I was 41 then, and in the Navy 17 years at that time, that entire month was and Still Is, A Very Bad one for me.

My Grandfather (Mothers side), my last remaining Grandparent, died on September 7th, my Dad died of a sudden heart attack on September 14, and for all intents and purposes I was separated by the end of that month.

With a final divorce the next August, when I got back from deployment, with the John F. Kennedy Battle Group.

That morning I was an STG1(SW) (that is a Surface Sonar Technician) and the Officer of the Deck on the USS Hue City CG-66, an Aegis Cruiser, tied to the pier at Jacksonville Florida, I had the 4am to 8am watch.

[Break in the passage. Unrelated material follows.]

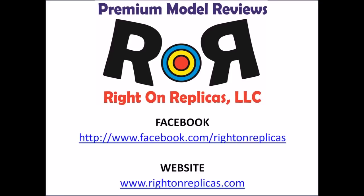We hope you have liked this step by step review. So that you don't miss any issues, please subscribe to our YouTube channel. You can also find us on Facebook and on the web at www.rightonreplicas.com. Thanks.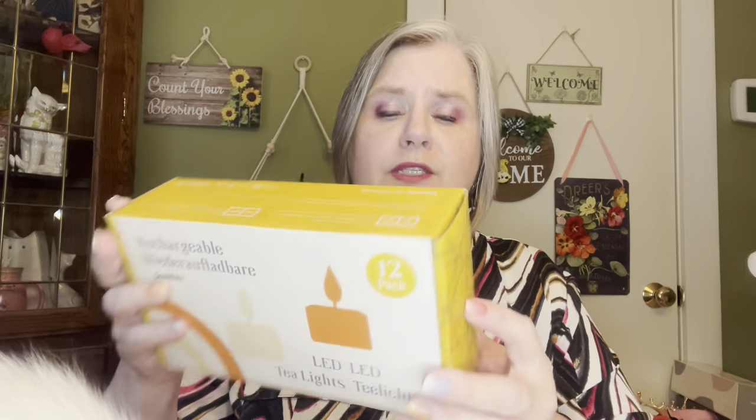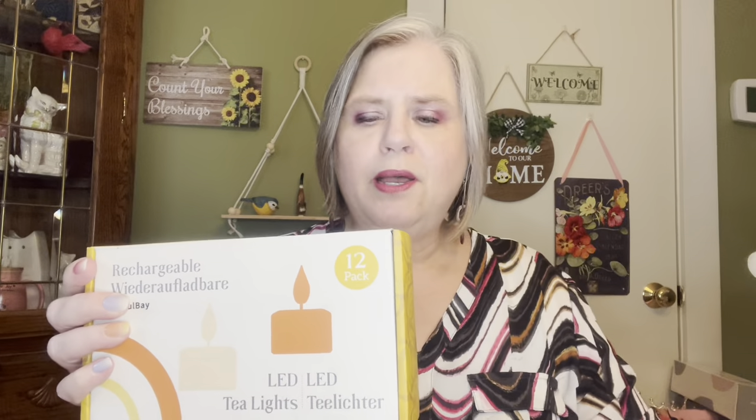So I just want to show you how nicely it's packaged. This was in an outer box when it came from Amazon — it was sent to me by Sol Bay — and it's nicely packaged in an uncrushable box. When you open it, the candles themselves are protected. And here are all your rechargeable cables. I did look at this already quickly because I wanted to see if these were already charged, and they are.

My watch team was responsible for getting the ship under way that morning as we were doing an inspection cycle and had to do a simulated battle problem out to sea, which if we passed, would have passed us for that inspection.

Myself the OOD and my watch team which consisted of a Petty Officer of The Watch and a Messenger of The Watch had secured our station at the Starboard Quarterdeck and turned over everything to the the Bridge to get the ship under way from the pier.

I think it was close to or a bit after 8am when we left the pier with our full crew and the inspection team on board.

We had left the pier and was heading out to the first buoy, when rumors of something had happened in New York began to flash around the inside of the ship.

It was not a few minutes after that the Captain from the inspection team got on the 1MC (Ships Announcing circuit), and told us that we had passed the inspection in light of what had happened in New York.

He said that we had been doing a great job on everything leading up to the battle problem and that he knew we would have passed that with flying colors any way and that the ship had better and more pressing things to do than to go do that battle problem.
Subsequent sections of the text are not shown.